EXERCISE MATERIAL →
·····

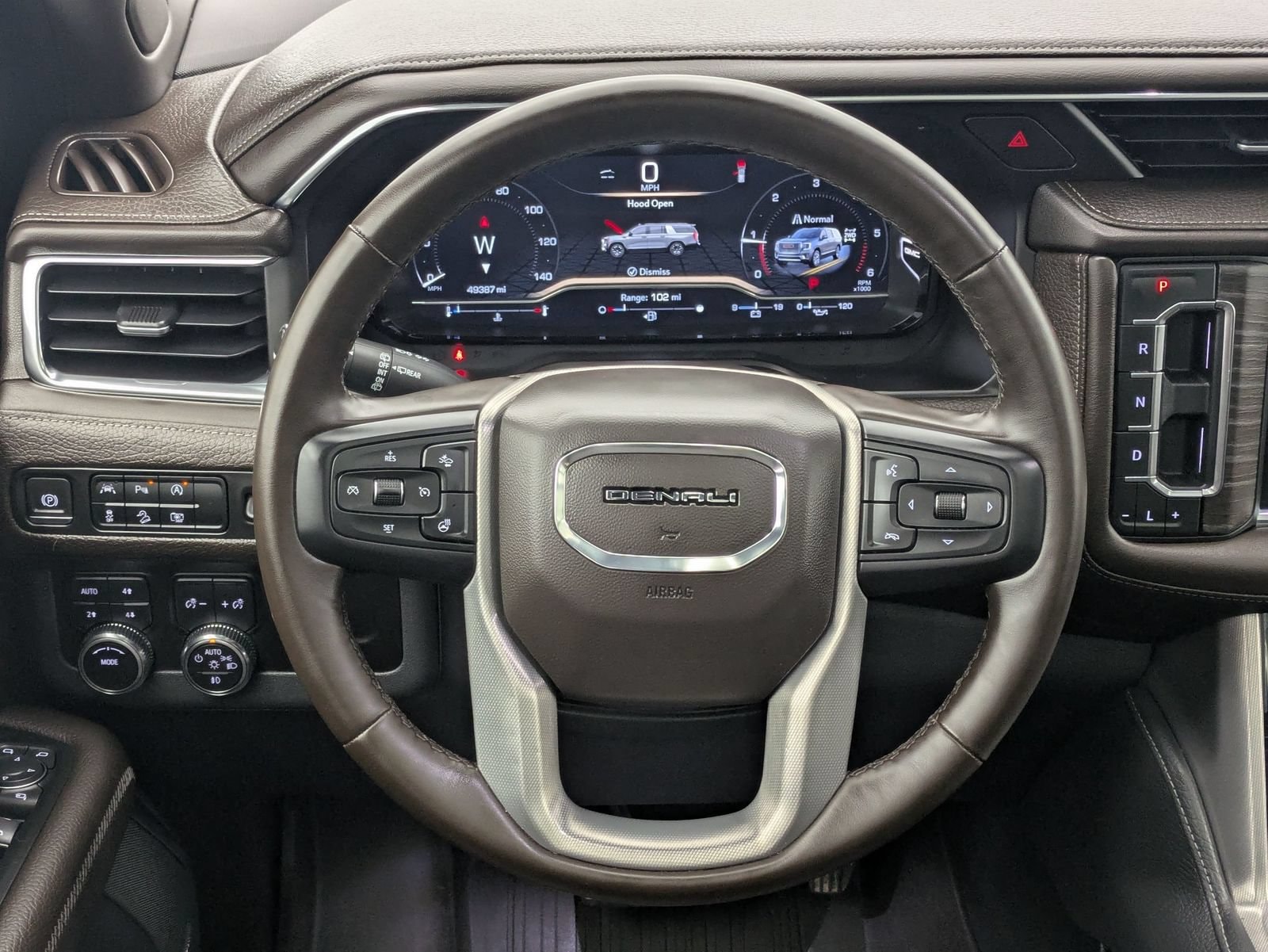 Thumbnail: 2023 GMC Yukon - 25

·····

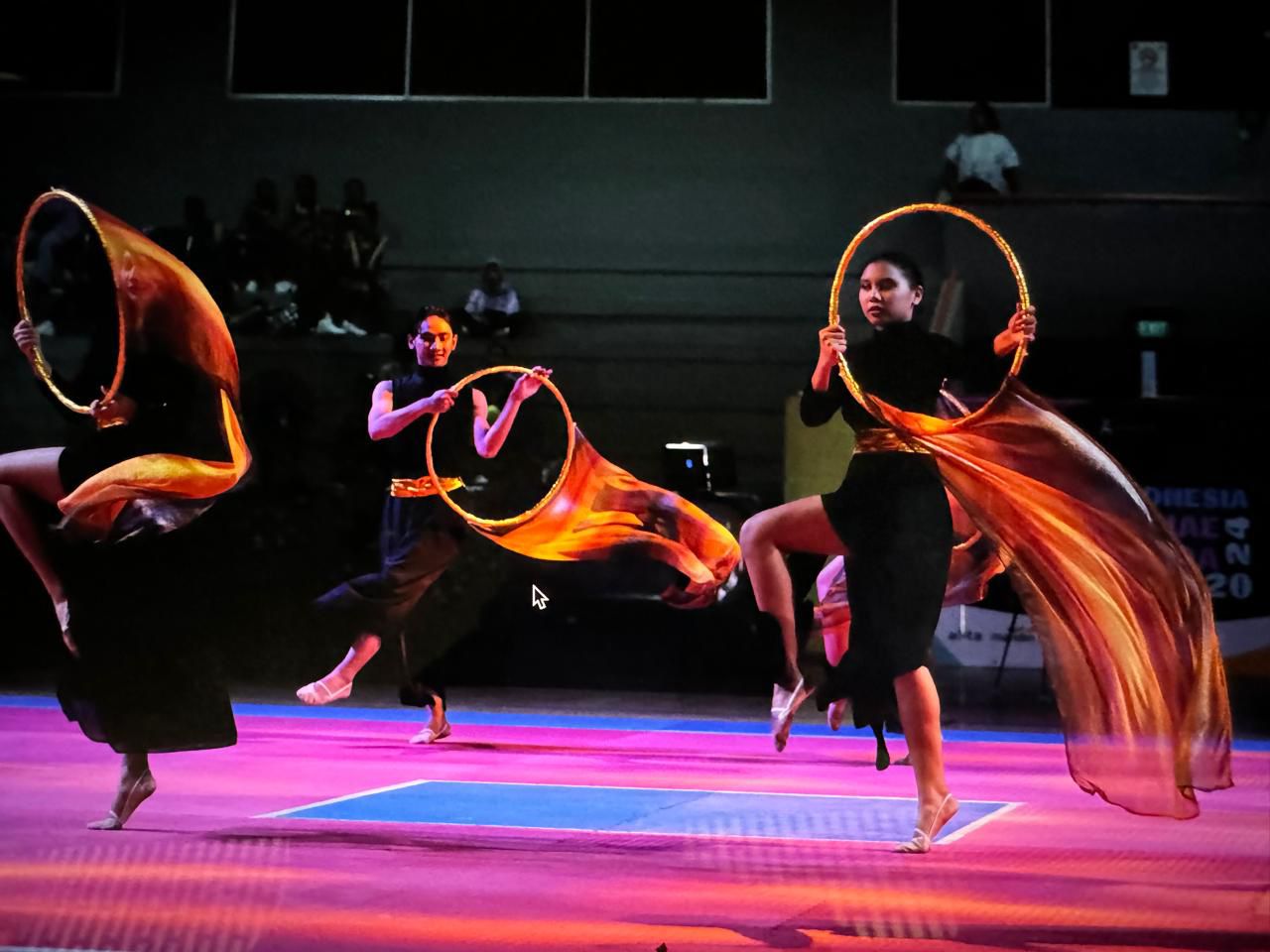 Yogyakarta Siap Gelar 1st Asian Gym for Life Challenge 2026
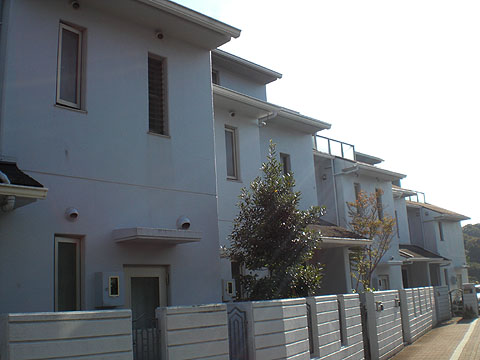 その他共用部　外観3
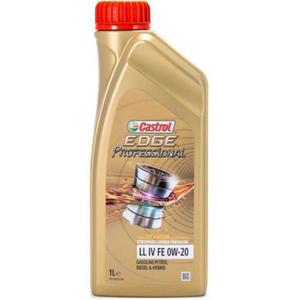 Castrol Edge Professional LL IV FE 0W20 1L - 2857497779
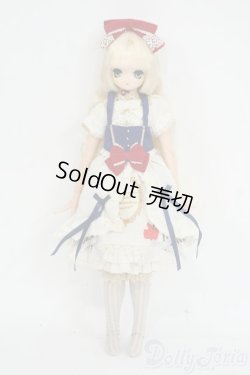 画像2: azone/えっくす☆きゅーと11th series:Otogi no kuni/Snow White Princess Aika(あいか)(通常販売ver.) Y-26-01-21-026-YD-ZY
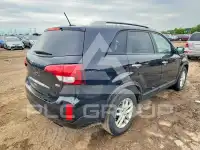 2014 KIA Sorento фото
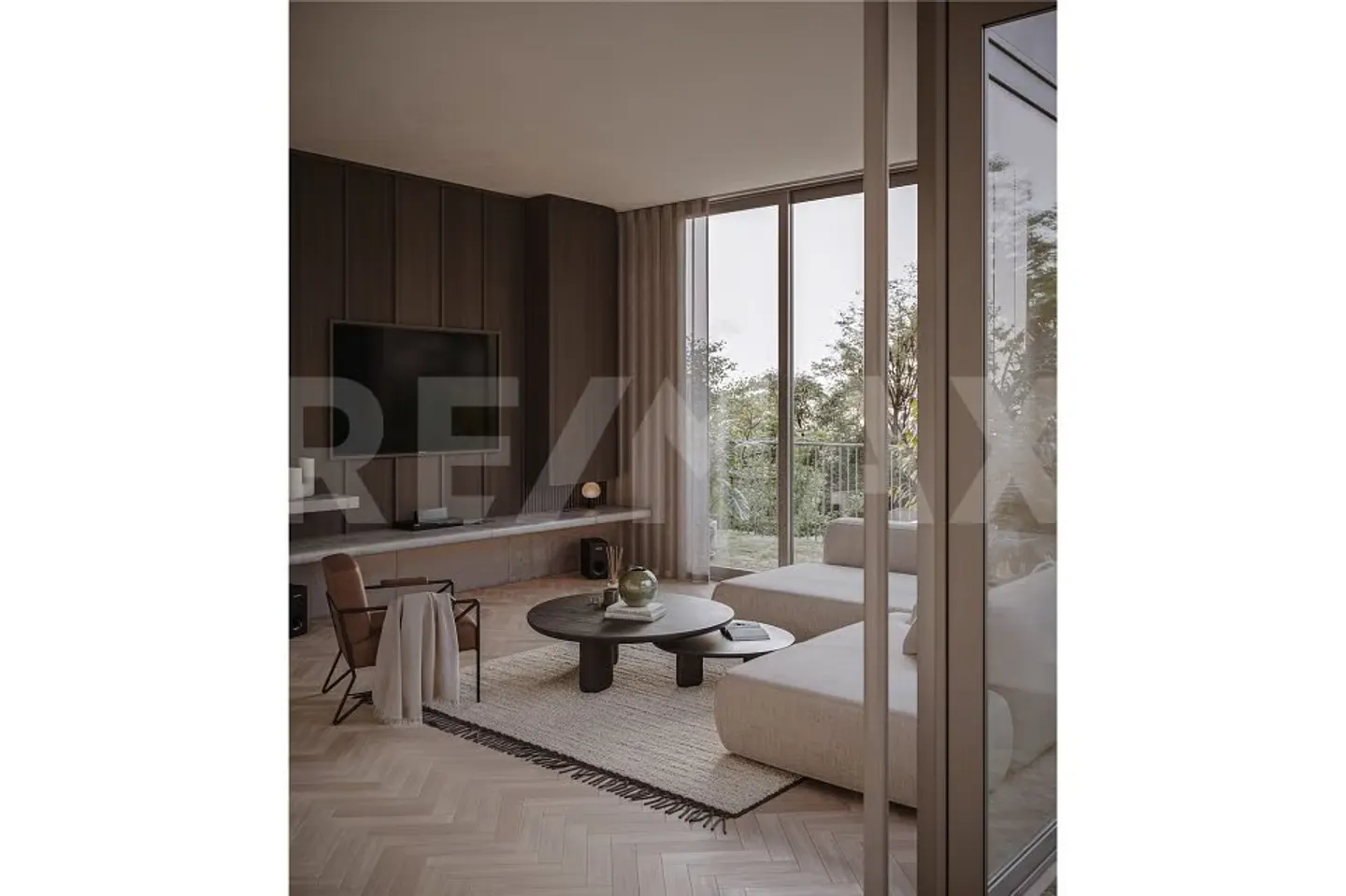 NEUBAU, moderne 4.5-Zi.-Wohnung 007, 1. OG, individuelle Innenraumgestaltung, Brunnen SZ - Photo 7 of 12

·····

Among the entries above, take the line with "Yogyakarta Siap Gelar", the line with "NEUBAU, moderne 4.5-Zi.-Wohnung", and all the lines between them, and restate them word for word without pictures.

 Yogyakarta Siap Gelar 1st Asian Gym for Life Challenge 2026
 その他共用部　外観3
 Castrol Edge Professional LL IV FE 0W20 1L - 2857497779
 画像2: azone/えっくす☆きゅーと11th series:Otogi no kuni/Snow White Princess Aika(あいか)(通常販売ver.) Y-26-01-21-026-YD-ZY
 2014 KIA Sorento фото
 NEUBAU, moderne 4.5-Zi.-Wohnung 007, 1. OG, individuelle Innenraumgestaltung, Brunnen SZ - Photo 7 of 12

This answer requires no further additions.